April 03, 2011
Why does snoring occur?
Snoring occurs due to narrowing of the airway causing vibration of the soft tissues of the throat during sleep. It is a phenomenon that is observed during sleep especially by the bed partner.
How common is snoring?
- It is more common in men generally whereby 45% of men and 30% of women snore on a regular basis
- Risk factors for snoring include overweight, increasing age, nasal blockage, sedating medications, alcohol, sleeping position and thick neck
- It is important to recognize if snoring is related to an underlying medical problem such as obstructive sleep apnea (OSA) or is an isolated problem
- Snoring can also lead to bedroom disharmony. It can affect the quality of life of not just the snorer but also the bed partner
What is obstructive sleep apnea (OSA)?
It is a severe form of snoring which has serious health consequences. OSA occurs due to complete collapse or obstruction of the upper airway, at one or a combination of these levels:
- Nasal Airway
- Soft Palate/Tonsils
- Tongue Base
- Pharyngeal Walls
The collapse of the airway at these possible sites can lead to apnea, which is total cessation of airflow during breathing for more than 10 seconds.
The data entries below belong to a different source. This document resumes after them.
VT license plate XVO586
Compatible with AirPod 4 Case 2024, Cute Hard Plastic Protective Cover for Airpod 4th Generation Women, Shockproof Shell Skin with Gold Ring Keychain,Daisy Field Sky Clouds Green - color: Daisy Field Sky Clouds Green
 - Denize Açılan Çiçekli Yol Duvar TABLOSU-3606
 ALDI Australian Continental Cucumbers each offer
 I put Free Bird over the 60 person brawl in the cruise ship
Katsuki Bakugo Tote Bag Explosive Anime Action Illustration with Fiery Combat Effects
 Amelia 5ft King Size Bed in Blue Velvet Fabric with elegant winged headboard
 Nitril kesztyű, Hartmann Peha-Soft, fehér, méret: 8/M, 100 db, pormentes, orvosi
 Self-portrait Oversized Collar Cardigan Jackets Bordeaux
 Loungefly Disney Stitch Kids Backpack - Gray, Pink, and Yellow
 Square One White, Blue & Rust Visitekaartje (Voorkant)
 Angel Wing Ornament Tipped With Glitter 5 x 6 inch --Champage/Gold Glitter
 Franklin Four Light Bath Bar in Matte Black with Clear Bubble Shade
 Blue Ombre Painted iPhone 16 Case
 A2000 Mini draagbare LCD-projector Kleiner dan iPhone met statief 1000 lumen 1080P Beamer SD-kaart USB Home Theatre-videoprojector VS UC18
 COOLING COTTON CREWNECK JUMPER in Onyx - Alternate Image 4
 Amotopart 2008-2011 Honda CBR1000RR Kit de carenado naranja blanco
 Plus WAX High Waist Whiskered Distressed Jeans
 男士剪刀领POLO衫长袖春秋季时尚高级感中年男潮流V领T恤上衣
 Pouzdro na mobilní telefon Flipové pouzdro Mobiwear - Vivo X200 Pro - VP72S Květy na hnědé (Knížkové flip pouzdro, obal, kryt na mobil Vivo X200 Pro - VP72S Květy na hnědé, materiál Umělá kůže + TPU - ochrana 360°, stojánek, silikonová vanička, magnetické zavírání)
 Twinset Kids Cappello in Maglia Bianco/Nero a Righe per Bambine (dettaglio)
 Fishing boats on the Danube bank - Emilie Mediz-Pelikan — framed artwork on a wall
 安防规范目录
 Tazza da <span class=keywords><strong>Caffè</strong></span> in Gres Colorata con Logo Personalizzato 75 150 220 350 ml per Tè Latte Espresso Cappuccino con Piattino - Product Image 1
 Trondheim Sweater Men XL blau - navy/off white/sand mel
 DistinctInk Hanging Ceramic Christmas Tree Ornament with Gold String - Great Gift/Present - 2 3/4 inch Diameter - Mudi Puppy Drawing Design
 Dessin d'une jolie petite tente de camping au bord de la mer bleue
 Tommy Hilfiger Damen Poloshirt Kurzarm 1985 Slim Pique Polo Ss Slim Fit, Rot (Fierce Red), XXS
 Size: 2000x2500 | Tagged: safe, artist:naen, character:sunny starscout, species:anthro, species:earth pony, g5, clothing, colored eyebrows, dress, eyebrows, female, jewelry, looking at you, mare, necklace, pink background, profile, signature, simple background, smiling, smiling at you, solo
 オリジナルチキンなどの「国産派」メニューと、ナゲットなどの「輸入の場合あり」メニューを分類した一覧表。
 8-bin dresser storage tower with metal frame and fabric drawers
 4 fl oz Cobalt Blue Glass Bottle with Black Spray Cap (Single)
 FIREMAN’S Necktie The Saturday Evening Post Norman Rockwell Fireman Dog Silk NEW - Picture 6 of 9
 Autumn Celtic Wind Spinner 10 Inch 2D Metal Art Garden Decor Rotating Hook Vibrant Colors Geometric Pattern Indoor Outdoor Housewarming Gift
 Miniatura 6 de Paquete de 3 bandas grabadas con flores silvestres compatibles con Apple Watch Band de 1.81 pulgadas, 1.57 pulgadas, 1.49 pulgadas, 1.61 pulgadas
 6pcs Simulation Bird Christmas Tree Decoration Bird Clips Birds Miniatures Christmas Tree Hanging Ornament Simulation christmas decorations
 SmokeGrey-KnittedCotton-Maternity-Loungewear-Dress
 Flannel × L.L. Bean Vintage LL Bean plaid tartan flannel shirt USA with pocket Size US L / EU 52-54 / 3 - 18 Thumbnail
Therefore this will lead to a drop in the blood oxygen saturation level.
Consequently OSA is related to serious health problems such as increased risk of heart attacks, heart disease, hypertension and stroke when left untreated.
What are the complaints related to OSA?
- Loud, irregular snoring
- Daytime tiredness with increased tendency to fall asleep during the day
- Headaches in the morning
- Lack of concentration
- Deterioration of intellectual capabilities
- Personality changes
- Potency problems
- Night sweats
- Tendency to depression
How does the doctor diagnose OSA?
- A thorough history and clinical examination is performed. The weight and height are measured to determine the body mass index (BMI)
- A complete ear, nose and throat examination by endoscopy is performed in the clinic to assess the possible sites of airway obstruction during sleep
- Sleep study is often recommended to confirm the diagnosis and to assess the severity of OSA:
- OSA severity is indicated by the Apnea / Hypopnea Index (AHI) as determined by a Sleep Study
- Mild: 5 – 15 events / hour
- Moderate: 16 – 30 events / hour
- Severe: > 30 events / hour
Is it important to recognize and treat OSA?
It is very important to recognize and treat OSA because if left untreated it can lead to serious health consequences. It is also important to inform your attending doctor if you are diagnosed with OSA especially before undergoing surgery.
Health consequences related to OSA include:
- Myocardial infarction
- Type II diabetes
- Cognitive dysfunction
- Impotence, sexual dysfunction, or reduced libido
- Morning headaches
General preventive measures for snoring
- Sleep habits modification
- Regular sleep-wake timesPeaceful surroundings at night
- Moderate room temperature
- Avoidance of night shift and changing work shifts
- Reduction of weight
- Avoidance of alcohol and sedatives
Treatment options for OSA
- APAP (Automated Positive Airway Pressure) with Mask
It is the Gold Standard treatment for Sleep Apnea. Patients are required to wear a face or nasal mask which blows in humidified air. This will help to ‘splint’ the airway open during sleep.
- Oral appliance
Oral Appliance Therapy is a suitable front-line treatment option for mild to moderate OSA sufferers and simple snorers. The Oral Appliance is worn during sleep to maintain the patency of the upper airway by increasing its dimensions and reducing collapsibility. Best are those which are custom made for the patient as it will fit more snugly according to the dimensions of the oral cavity
Surgical treatment options for OSA
The aim of the surgery is to overcome the sites of obstruction. Therefore the type(s) of surgery recommended varies between patients.
The surgeries that can be performed include:
- Tonsillectomy and adenoidectomy for enlarged tonsils and adenoids
- Septoplasty when there is significant nasal septum deviation causing nose block
- Turbinate surgery when there is enlarged turbinates which contribute to nose block
- Soft palate surgery to improve the airway diameter of the throat which includes pillar implant procedure, radiofrequency tissue volume reduction procedure or cautery assisted palatal stiffening operations.
- Base of tongue surgery if there is a bulky tongue which flops backwards and obstructs the airway
- Surgery to facial bones such as the mandibular advancement surgery when there is a small jaw or receding chin
Can OSA occur in children?
Yes, it can occur in children who have snoring. The symptoms may differ from adults as they can present with mouth breathing, behavioural problems/ irritability, learning difficulties, hyperactivity and bedwetting. Often these children have large tonsils and adenoids which cause the airway obstruction. Obesity is a less common reason for OSA in children.